### WORK INSTRUCTION
Copy each line of the following data that contains "effectively".

═══ THE DATA ═══

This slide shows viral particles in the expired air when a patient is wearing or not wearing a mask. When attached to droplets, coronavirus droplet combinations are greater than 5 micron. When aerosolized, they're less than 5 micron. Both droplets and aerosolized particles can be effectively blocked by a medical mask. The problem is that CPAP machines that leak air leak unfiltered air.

═══
═══ THE DATA ═══

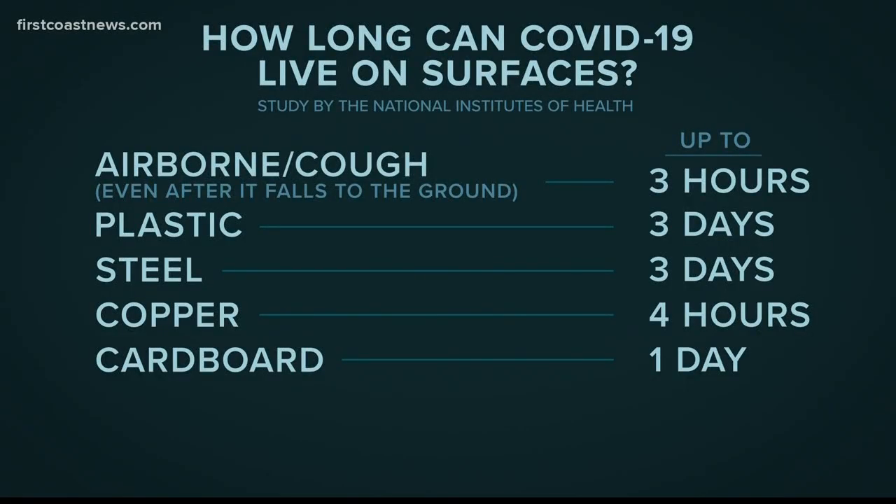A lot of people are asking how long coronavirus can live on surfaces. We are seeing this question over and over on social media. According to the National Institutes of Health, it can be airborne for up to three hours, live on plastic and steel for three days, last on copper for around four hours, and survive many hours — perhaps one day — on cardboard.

═══
═══ THE DATA ═══

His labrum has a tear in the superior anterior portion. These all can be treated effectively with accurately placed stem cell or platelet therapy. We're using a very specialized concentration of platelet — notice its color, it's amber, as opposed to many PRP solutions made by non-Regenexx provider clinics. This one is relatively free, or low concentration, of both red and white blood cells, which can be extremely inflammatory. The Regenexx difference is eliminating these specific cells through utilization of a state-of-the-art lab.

═══

### RESPONSE TO THIS EXERCISE
This slide shows viral particles in the expired air when a patient is wearing or not wearing a mask. When attached to droplets, coronavirus droplet combinations are greater than 5 micron. When aerosolized, they're less than 5 micron. Both droplets and aerosolized particles can be effectively blocked by a medical mask. The problem is that CPAP machines that leak air leak unfiltered air.
His labrum has a tear in the superior anterior portion. These all can be treated effectively with accurately placed stem cell or platelet therapy. We're using a very specialized concentration of platelet — notice its color, it's amber, as opposed to many PRP solutions made by non-Regenexx provider clinics. This one is relatively free, or low concentration, of both red and white blood cells, which can be extremely inflammatory. The Regenexx difference is eliminating these specific cells through utilization of a state-of-the-art lab.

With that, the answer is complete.